"Equality in the realm of sex is an antisexual idea if sex requires domination in order to register as sensation."
Andre Dworkin, Intercourse.
Elle travaille dans un magasin de bricolage, qui, depuis peu, peut ouvrir le dimanche. Un accord d'entreprise permet que les salariés seront payés double ce jour-là (et cela n'est pas le cas dans toutes les entreprises). Elle a deux enfants, est mère célibataire et travaille à temps partiel dans cette entreprise.

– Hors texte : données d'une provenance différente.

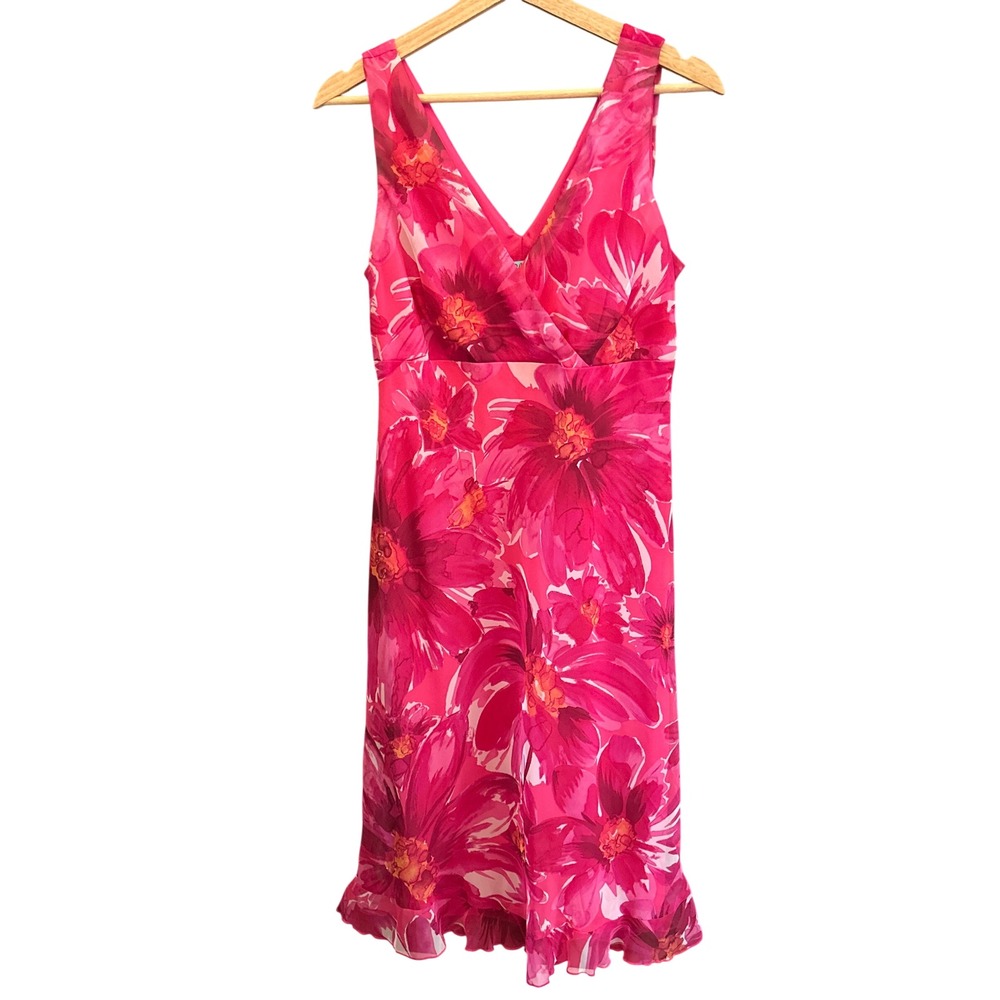 Y2K Sfuzi Floral Midi Dress Barbiecore Tropical Ruffle Hem Summer Pink Size 13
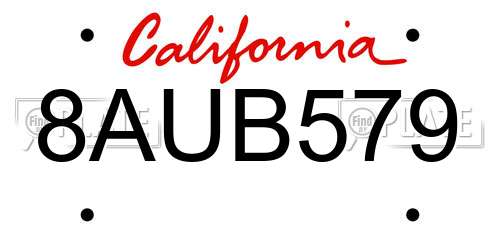 8AUB579 California License Plate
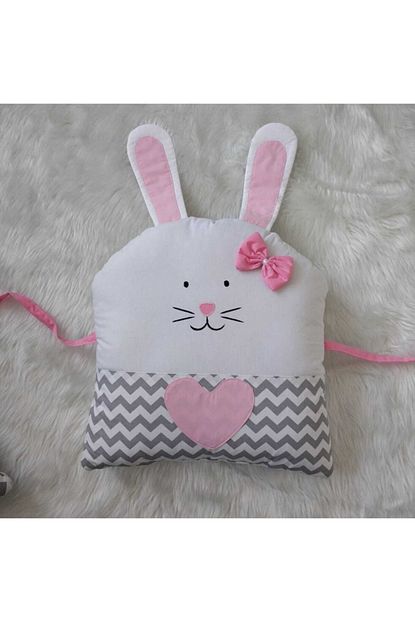 pembe tavsan desen dekoratif figurlu yastik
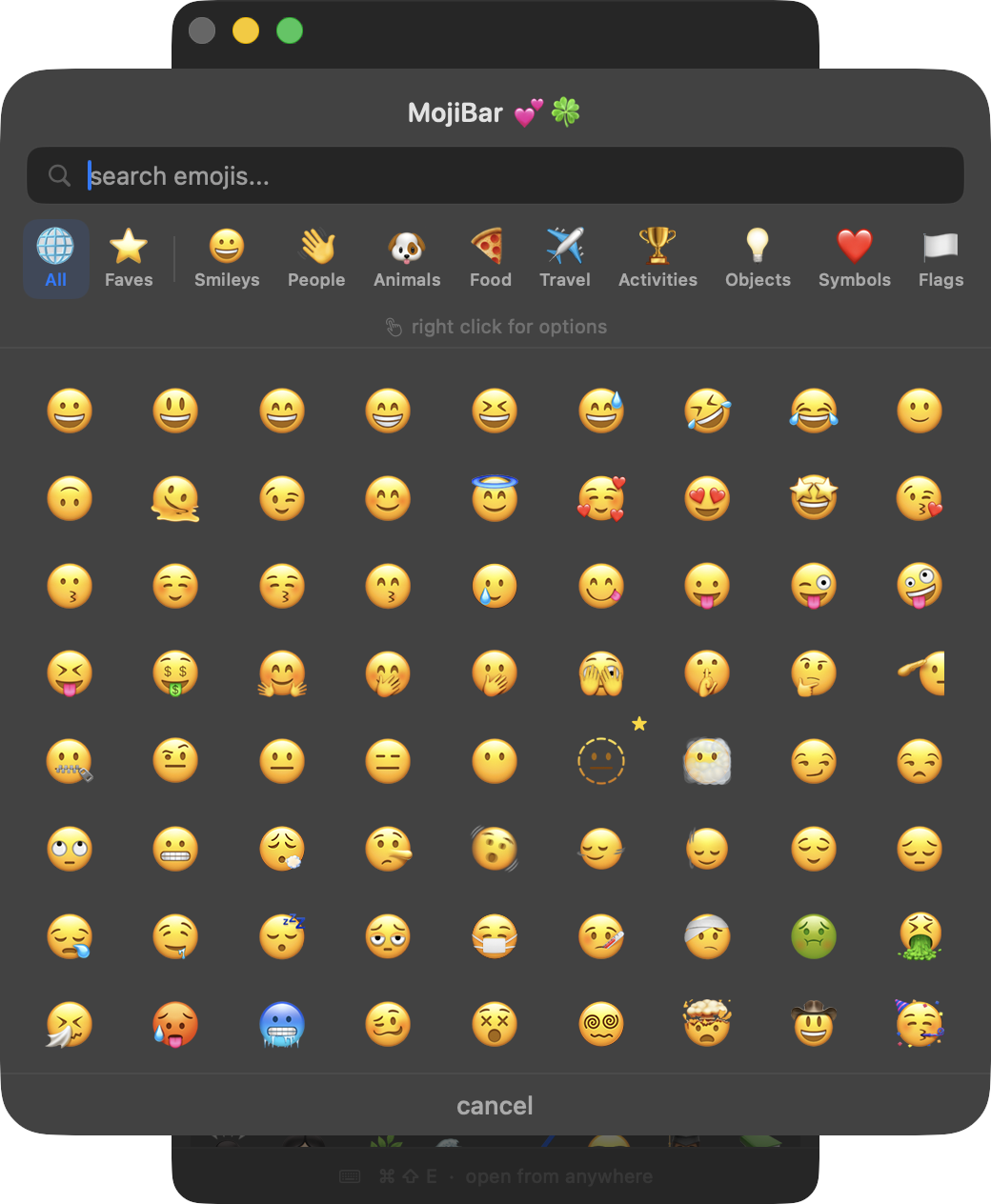 MojiBar emoji selector interface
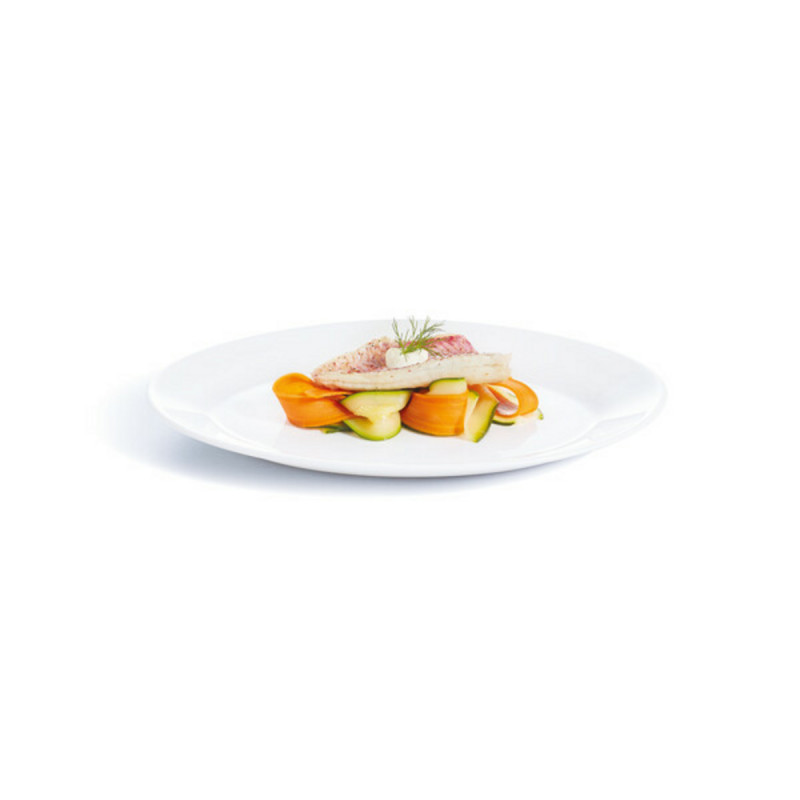 Assiette plate ovale blanc verre opal 29 cm Restaurant Arcoroc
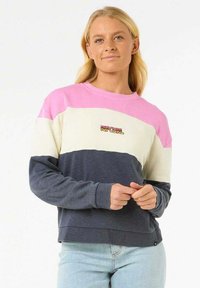 Felpa a blocchi di colore con sezioni rosa, crema e blu navy, colletto arrotondato e polsini a costine. Logo in evidenza sul petto.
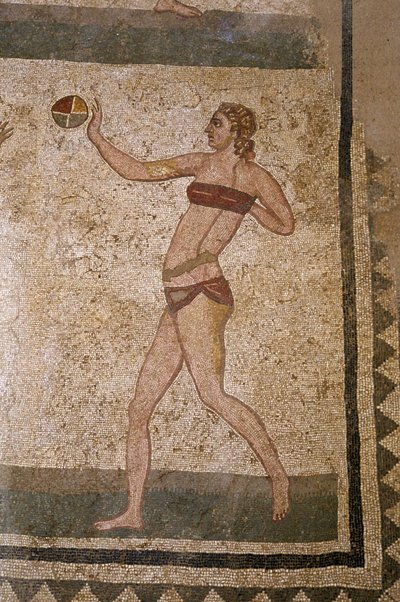 Woman Playing Ball. Roman Mosaic of the 3rd - 4th Century of Villa del Casale, Piazza Armerina by Roman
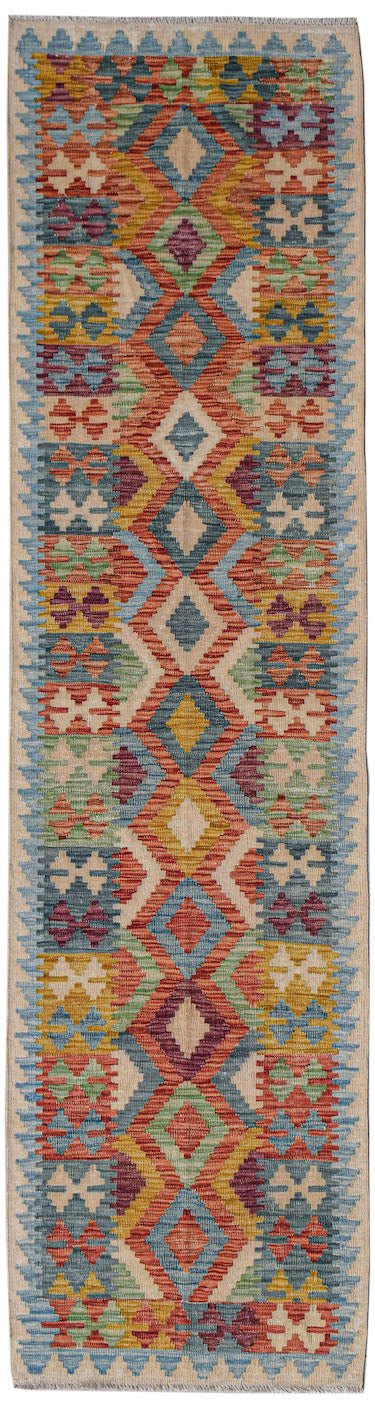 Handmade Afghan Maimana Kilim Hallway Runner | 294 x 77 cm | 9'8" x 2'6" - Najaf Rugs & Textile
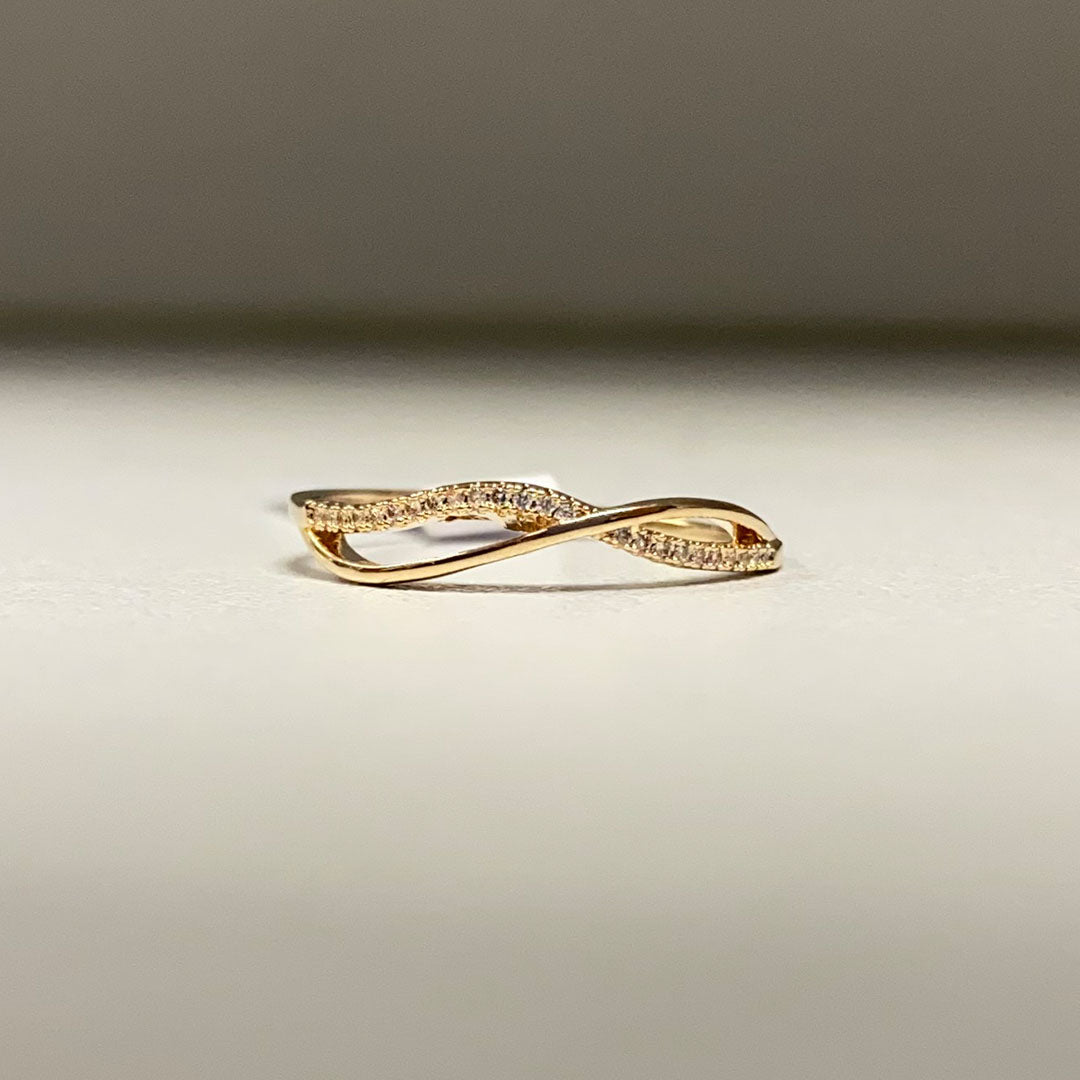 POM Rose Gold Plated Wave Ring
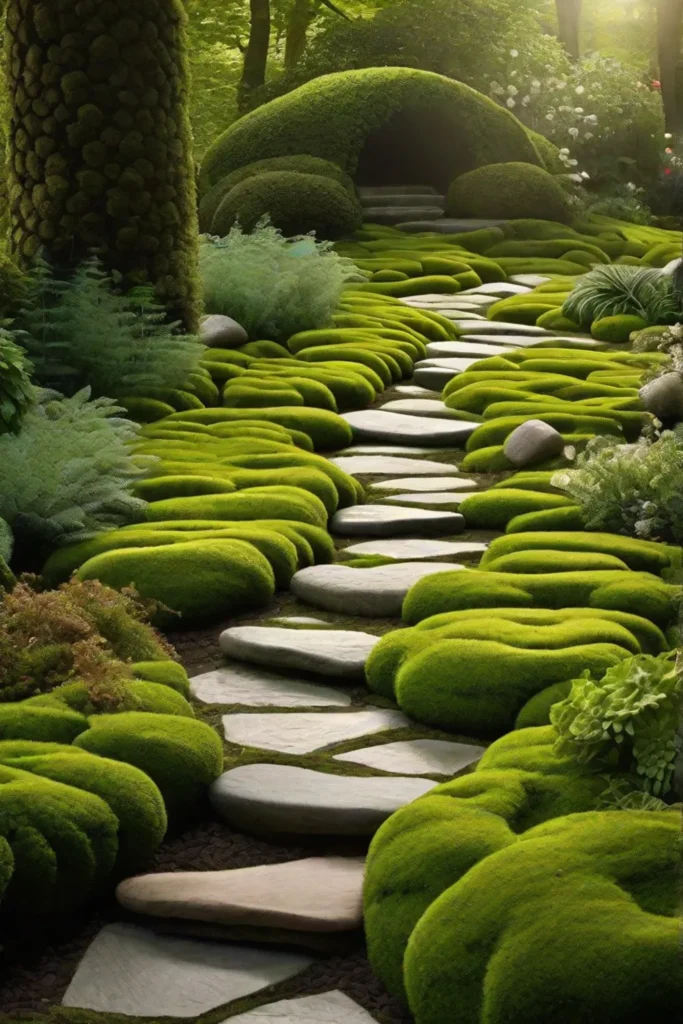 A whimsical garden path made of stepping stones surrounded by moss and_resized
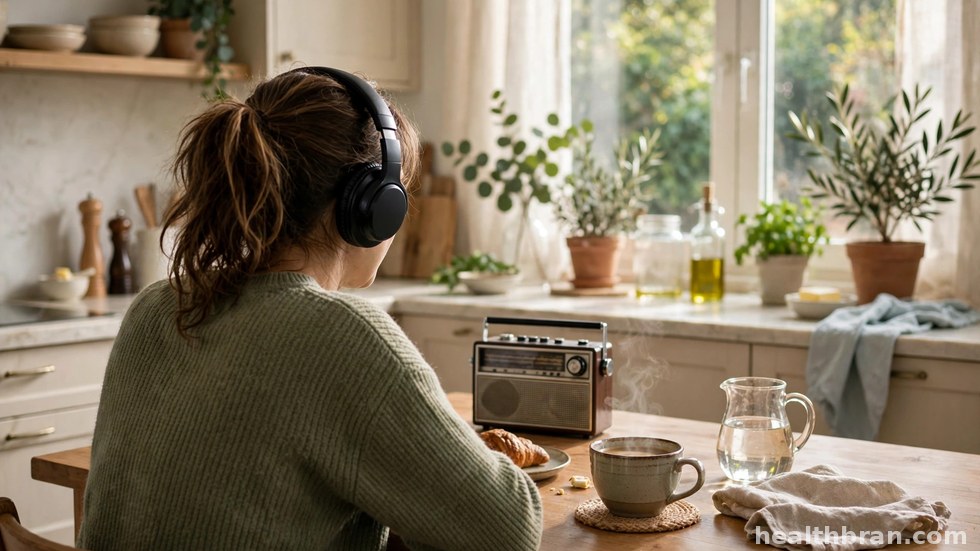 Iemand luistert met een koptelefoon naar de radio tijdens het ontbijt.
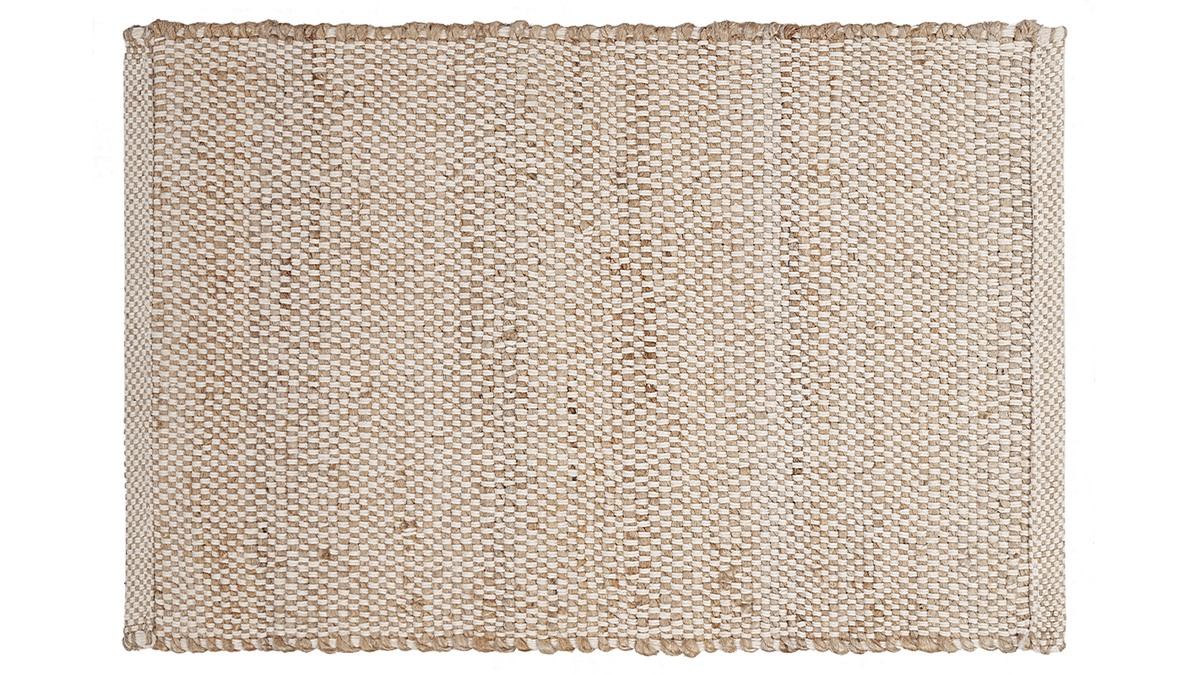 Tapis rectangulaire beige en jute et coton tisss L140 x L200 EFFIA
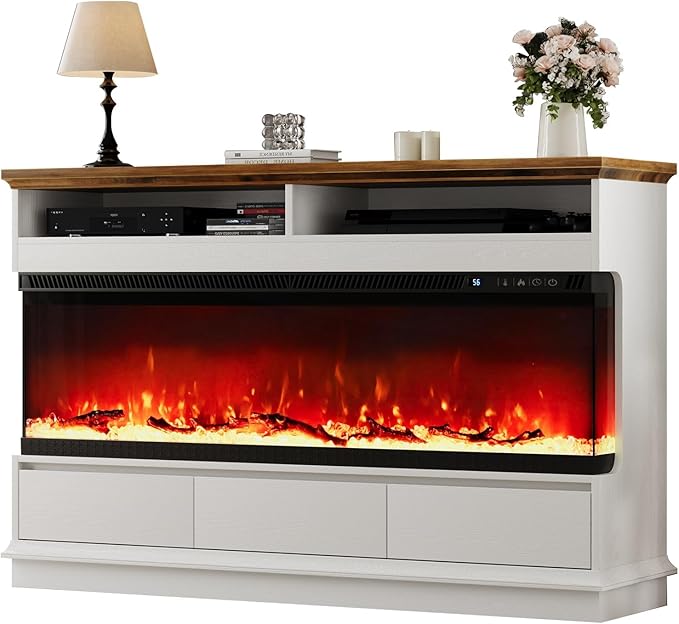 4 EVER WINNER Fireplace TV Stand with 50" Electric Fireplace, Fireplace Entertainment Center with 3-Side Glass Insert, 3 Drawers, TV Stands for Living Room, White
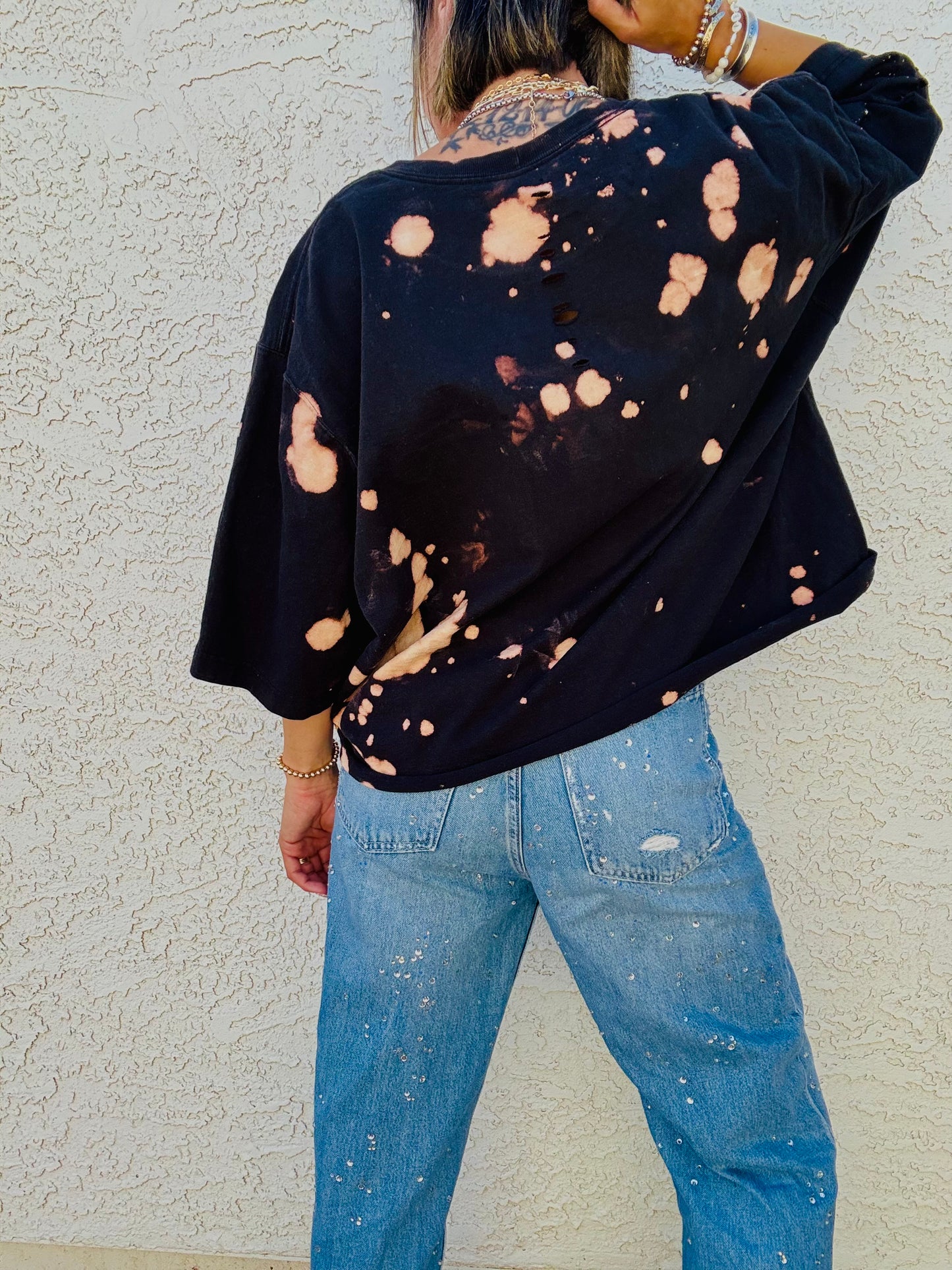 HD- Wild leopard DISTRESSED POCKET SHIRT - MENS 2XL CUT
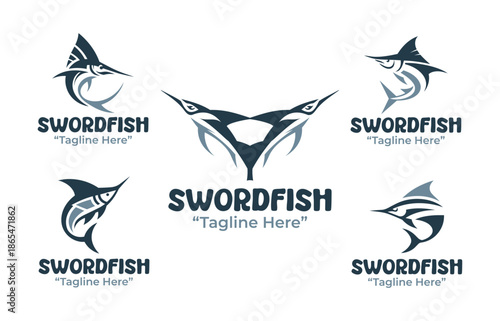 5 Swordfish Logo Set Modern Minimalist Marine Predator Design Collection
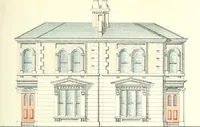 An illustration from The builder's practical director; or, Buildings for all classes, containing plans, sections and elevations for the erection of cottages, villas, farm buildings, dispensaries, public schools, &c., with detailed estimates, quantities, prices, &c. .. (1855)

Son supérieur lui propose de travailler désormais les dimanches ; un rapide calcul lui permet de se rendre compte qu'elle n'a aucun avantage à accepter sa proposition (faire garder ses enfants les dimanches travaillés lui coûterait trop cher) et elle refuse. Son supérieur la menace alors de la pousser à la faute et de la virer pour faute grave.
Elle accepte de travailler le dimanche.
Est-ce qu'elle a consenti à ces heures de travail dominicales ?
Elle était confrontée à deux possibilités :
- travailler le dimanche, ce qu'elle ne souhaite pas faire et garder son travail
- ne pas travailler le dimanche, suivre son souhait et perdre son travail
(Il y a évidemment une 3eme option qui consisterait à faire appel à un syndicat, aller aux prudhommes mais pour la démonstration on ne l'abordera pas ici).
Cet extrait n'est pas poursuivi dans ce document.